Özel sektörün uygulamalarına, paralel biz düzenleyici gibi
davranacağız. Fiyatları aşağıya çekmek üzere hareket edeceğiz. Halk
ekmek modeli gibi. Düşük maliyetle, düşük fiyata ama kaliteli
olacak. Tıpkı TOKİ'de olduğu gibi.
- Binaları yıkarken zorluk çıkacaktır...
Yasal dayanağımız sağlam. Vatandaş için bunu göze alıyoruz. Bu kez
yetkiyi valiliklere verdik. Bu, önemli. Yıkımda belediyeler yetkili
olunca zorluk çıkıyor.

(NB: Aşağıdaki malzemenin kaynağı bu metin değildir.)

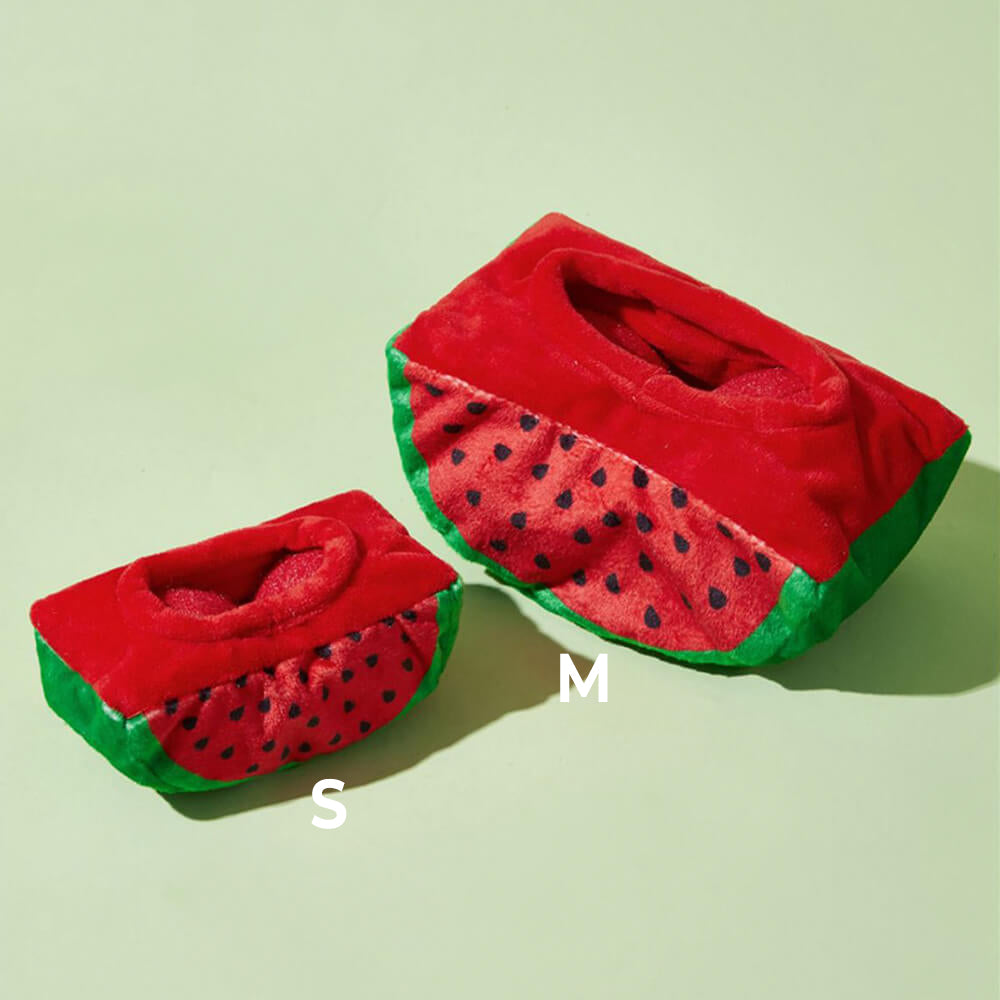 Tennis Ball Dog Toy – Food Hiding &amp; Teething Interactive Fun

Hem siyasi bakabiliyorlar hem de
polis-jandarma valiye bağlı olunca daha etkili olacak.
- Bu projeye istihdam artırıcı yatırım gözüyle de
bakıyorsunuz...
Evet öyle ama onunla sınırlı değil. Ekonomiyi canlandıracak. İnşaat
sektörü lokomotif. On yıl boyunca ekonomik canlılık yaratacak. Bu
arada şehirleri de yapılandırmış olacağız.
Bakanın açıklamaları böyle. Kanunla ilgili kimi endişeler de
mevcut, eleştiriler de... Sektörden bu yönde bazı dilekler de var.
Bu hassas konuya yarından itibaren devam edeceğiz.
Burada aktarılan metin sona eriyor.